A review of VNRs of Bangladesh, Nepal and India indicates that there is significant progress being made in achieving SDGs. However, inadequacy of finances appears to be a limiting factor, writes Lenin Babu for South Asia Monitor
By Lenin Babu
Member states of the United Nations have adopted 17 Sustainable Development Goals (SDGs) with about 232 indicators as The 2030 Agenda for Sustainable Development.
They also agreed to “conduct regular and inclusive reviews of progress at the national and sub-national levels and present them for review by the High-Level Political Forum (HLPF), under the auspices of the Economic and Social Council (ECOSOC). HLPF would carry out regular reviews of the voluntary National Reviews (VNR) to “provide a platform for partnerships, including through the participation of major groups and other relevant stakeholders”.
Accordingly, during 2016, the first year of VNR presentations, 22 countries addressed the HLPF while 2017 saw presentation by 43 countries. From South Asia, Bangladesh, India and Nepal have submitted their VNR in 2017. Sri Lanka, Bhutan will submit their VNRs during the 2018 meetings.
rA review of VNRs of Bangladesh, Nepal and India indicates that there is significant progress being made in achieving SDGs. However, inadequacy of finances appears to be a limiting factor. Bangladesh has indicated that it may require around US$ 1.5 trillion worth of additional resources for full implementation of SDGs. Nepal, with an annual budget was $9,990 million in 2016/17, has clearly expressed its limitations to meet the SDG targets. Decreasing flow of Overseas Development Aid (ODA) including grants, loans and technical assistance, from 85.7 percent of commitments in 1999/00 to only 55.4 percent in 2014/15, contributed to 2.6 percent of GDP in 2014/15 and is therefore grossly inadequate for meeting SDGs.
Similarly, India has also said that despite its significant efforts for domestic resource mobilisation, it is unlikely to gather sufficient revenues for achieving the SDGs. Availability of finances would be a key determining factor for attaining SDGs. In this context, taking benefit of dynamic relation between SDGs, developing countries can harness other financial sources, such as climate finances.
The nature of SDGs were evolved in such a manner that the advancement of one goal may lead to progress in other goals as well.
For instance, Goal 2 - ‘End hunger, achieve food security and improved nutrition and promote sustainable agriculture’ will have a direct bearing on SD Goal 3 of ‘Ensuring healthy lives and promoting wellbeing for all at all ages’. Therefore, financial commitments by Developed Countries under the United Nations Framework for Climate Change (UNFCCC), through institutions like Global Environmental Facility (GEF), Adaptation Fund (AF), and the latest Green Climate Fund (GEF), can offer some solace.
In July 2017, India has nominated National Bank for Agriculture and Rural Development (NABARD) as National Implementing Entity (NIE) for the overall project monitoring and implementation of multilateral climate change funding.
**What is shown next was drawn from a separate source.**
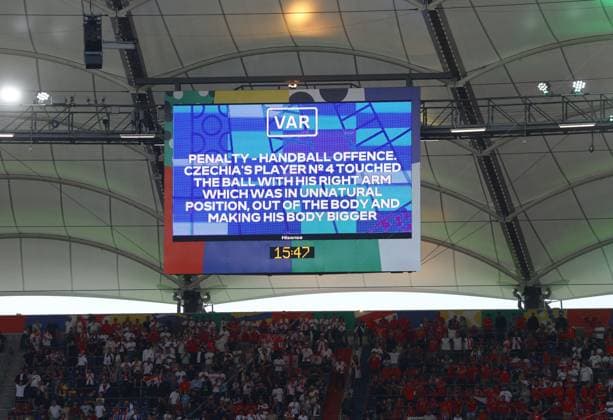 The big screen shows the VAR decision to award Georgia with a penalty after Robin Hranac of Czech Republic commits a hand ball Georgia v Czechia, UEFA European Championship, EM, Europameisterschaft 2024, Group F, Football, Volksparkstadion, Hamburg, Germany, 22 Jun 2024 EDITORIAL USE ONLY No use with unauthorised audio, video, data, fixture lists, club league logos or live services. Online in-match use limited to 120 images, no video emulation. No use in betting, games or single club league player publications. Copyright: xKieranxMcManus Shutterstockx 14548025al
NABARD, as the name suggests, is active in bringing transformation in climate sensitive farm-based economic sectors.
Shifting away from traditional agencies of funding and by opting for such an action research organization, India has paved the way for successful pathways for convergence of climate change coping measures with SDGs.
Jump-starting its function, NABARD has already facilitated is implementation in a project on resilience in vulnerable tribal areas of Odisha State, with an outlay of US $ 31.63 million funded by the Global Carbon Fund. Though the proposed action is envisaged to reduce vulnerability and mitigate green house gases (GHGs), it will help in achieving several SDGs. It would thus be ideal for all members of South Asia and other developing countries to plan such convergence of programmes of climate change and SDGs.